New Hampshire — Today the Global Wind Energy Council (GWEC) launched its flagship publication the Global Wind Report: Annual Market update. The report details wind power’s remarkable growth in 2014, during which the industry installed more than 50 GW of wind power bringing the worldwide total installed capacity to just about 370 GW.
In 2014, China was the leader in new installed capacity. The country put up 23 GW of new wind, bringing its cumulative total to more than 114 GW. Brazil moved up to the 4th largest market in the world for wind power in 2014 (installing 5.9 GW) and entered the top 10 in cumulative rankings for the first time. The African market took off in 2014, and Germany, Chile, Canada and Turkey also had record years.

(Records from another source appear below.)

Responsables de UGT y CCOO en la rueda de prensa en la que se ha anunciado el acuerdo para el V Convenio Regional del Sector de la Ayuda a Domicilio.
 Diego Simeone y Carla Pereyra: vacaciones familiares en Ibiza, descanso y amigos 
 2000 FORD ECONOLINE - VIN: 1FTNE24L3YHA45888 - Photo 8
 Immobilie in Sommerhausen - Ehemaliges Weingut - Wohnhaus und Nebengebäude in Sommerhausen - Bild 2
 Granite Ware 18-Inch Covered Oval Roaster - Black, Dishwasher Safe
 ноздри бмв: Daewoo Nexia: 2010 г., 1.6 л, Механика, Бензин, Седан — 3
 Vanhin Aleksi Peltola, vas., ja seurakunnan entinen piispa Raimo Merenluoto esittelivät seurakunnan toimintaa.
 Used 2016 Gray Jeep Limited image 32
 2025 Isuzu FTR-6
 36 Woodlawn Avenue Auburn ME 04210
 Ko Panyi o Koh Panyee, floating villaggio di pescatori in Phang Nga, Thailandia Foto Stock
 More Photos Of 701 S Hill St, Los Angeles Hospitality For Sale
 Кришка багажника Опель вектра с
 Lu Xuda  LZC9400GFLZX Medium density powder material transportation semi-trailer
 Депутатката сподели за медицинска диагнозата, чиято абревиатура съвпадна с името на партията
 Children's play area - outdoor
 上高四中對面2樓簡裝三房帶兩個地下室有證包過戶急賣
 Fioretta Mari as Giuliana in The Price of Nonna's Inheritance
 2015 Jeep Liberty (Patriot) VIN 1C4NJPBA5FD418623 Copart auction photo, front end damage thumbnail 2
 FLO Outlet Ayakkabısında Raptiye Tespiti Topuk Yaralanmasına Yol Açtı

“Wind power’s growth is increasingly driven by its competitive pricing, as well as because it enhances energy security, price stability and (especially in China) through the need to address the choking smog that is increasingly making major urban areas in the developing world unliveable,” said Steve Sawyer, GWEC Secretary General.
The U.S. market recovered in 2014 from a dismal 2013, and looks set for at least another two strong years. The market in the U.S. after 2016 remains unclear due to policy uncertainty. Canada will remain strong for the next two years but it, too, has policy uncertainty beyond 2016, said Sawyer.
GWEC expects the 2015 market to top 50 GW again and reach 60 GW per year by 2018. Growth will continue to be led by China, which seems on track to meet its 200 GW well ahead of the government’s target of 2020; and the Indian market is expected to grow substantially in the years ahead. Latin America is becoming a strong regional market, led by Brazil, but with Mexico catching up quickly.
Sawyer said he was particularly bullish on the African market. The country installed nearly 1 GW in 2014 for the first time, and GWEC expects Africa to pass the 1 GW mark in 2015 and not look back. Led by South Africa, Egypt and Morocco, the organization expects to see a number of new markets emerge in the coming years, which will make Africa the fastest growing regional market, at least in percentage terms, in the coming years.
“Looking ahead to the UN climate summit in Paris at the end of the year, we call on governments to wake up to the renewable energy revolution in the power sector, and set ambitious targets to reduce greenhouse gas emissions,” concluded Sawyer.